Evaluation of the fill yarns effect on the out-of-plane compressive fatigue behavior for an unidirectional glass fiber reinforced epoxy composite

Understanding the out-of-plane mechanical behavior of composite materials is necessary to optimally design thick structures. In unidirectional laminates, the out-of-plane mechanical behavior is generally characterized by the in-plane data assuming transverse isotropy; nevertheless unidirectional woven contain a fraction of fill yarns that might change this property. To evaluate the fill yarns effect over the transverse isotropy, this work compares the in-plane mechanical performance to the out-of-plane behavior under a cyclic load for an epoxy glass fiber reinforced by a unidirectional weave.
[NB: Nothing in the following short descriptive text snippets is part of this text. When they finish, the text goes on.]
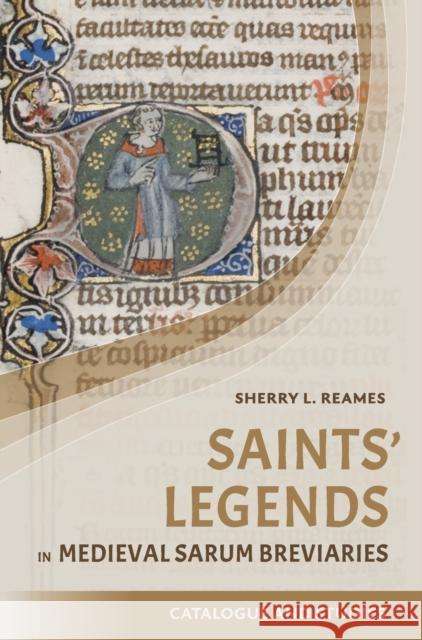 Saints' Legends in Medieval Sarum Breviaries: Catalogue and Studies Reames, Sherry L. 9781903153994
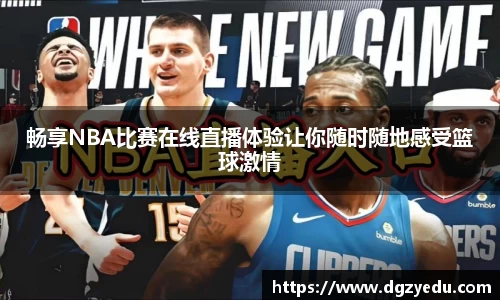 畅享NBA比赛在线直播体验让你随时随地感受篮球激情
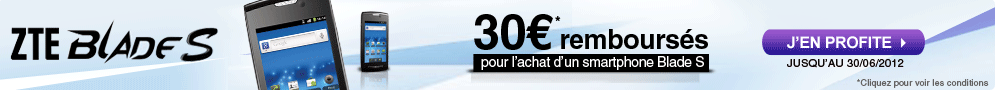 Jusqu'au 30 juin, profitez de 30€ remboursés sur le smartphone ZTE Blade S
First, the quasi-static tensile and compression strengths were determined for both planes. Fatigue tests were then performed at 95%, 90%, 80% and 70% of the compressive strength using stress ratios of R = 2, R = 10 (in compression–compression fatigue) and the critical stress ratio defined by the quotient between the compressive and tensile strengths. The results show that the quasi-static tensile strength depends on the plane, mainly due to the influence of the weave fill fibers. These fibers also influence the observed differences in compressive strength; however, the specimen geometry and boundary conditions also have an effect. Despite these differences, the fatigue strength detriment responds to the same causes and their magnitude in terms of the number of cycles is similar. An in-plane S – N curve of the compression–compression fatigue can be transformed into an out-of-plane curve using the compressive strength in both planes and vice versa.